BEGIN

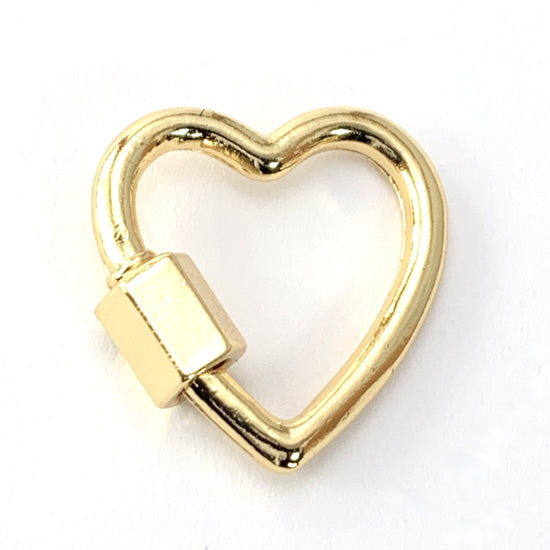 gold heart shaped jewelry pendant with a screw carabiner on one side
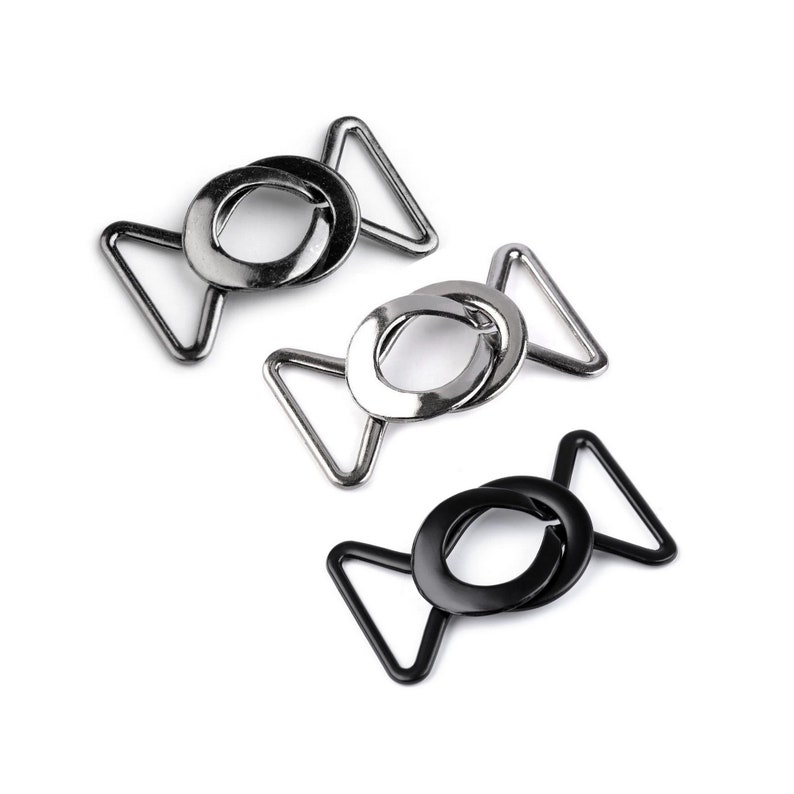 May include: Three metal clasps, two silver and one black, with a circular design. The clasps are designed for attaching straps or fabric.
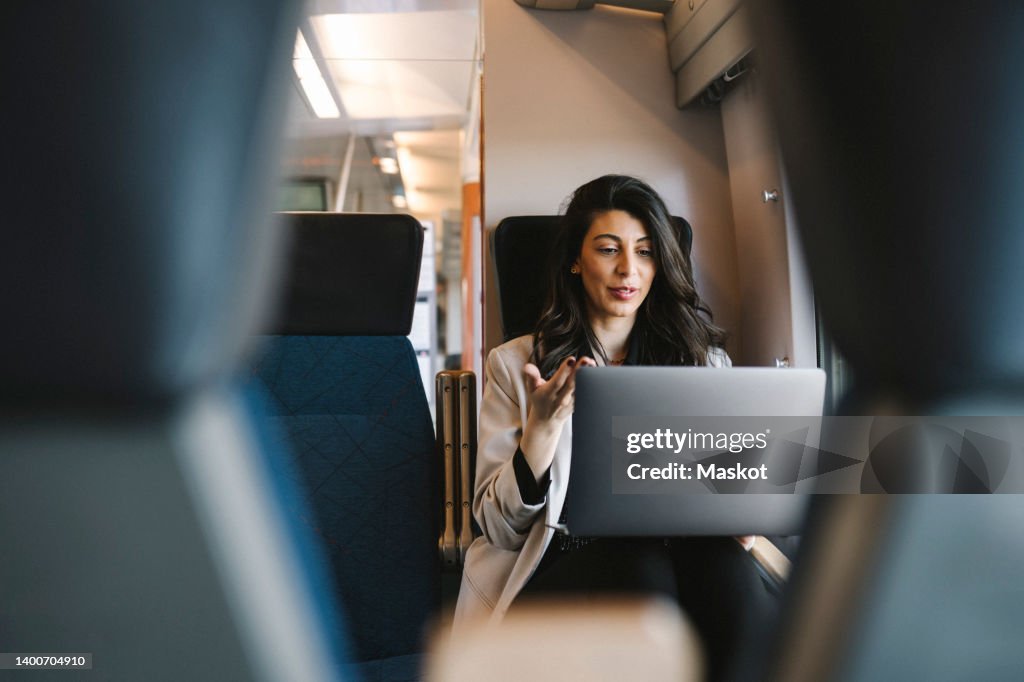 Businesswoman talking on video call through laptop while sitting in train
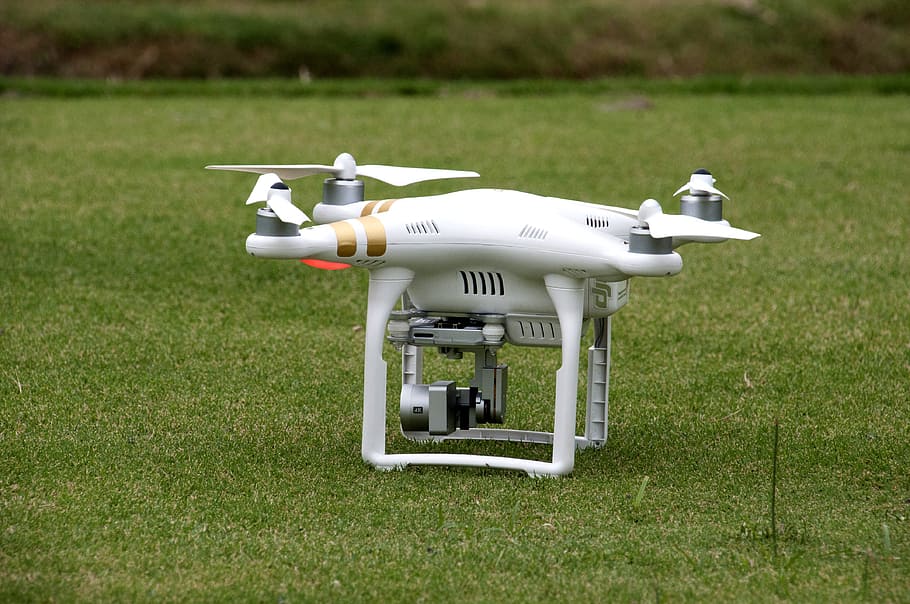white quadcopter on lawn, white DJI Phantom 3 Professional on green grass HD wallpaper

END

Problem details: Give an exact copy of the listing above that leaves out every picture.

Solution for this task:
 gold heart shaped jewelry pendant with a screw carabiner on one side
 May include: Three metal clasps, two silver and one black, with a circular design. The clasps are designed for attaching straps or fabric.
 Businesswoman talking on video call through laptop while sitting in train
white quadcopter on lawn, white DJI Phantom 3 Professional on green grass HD wallpaper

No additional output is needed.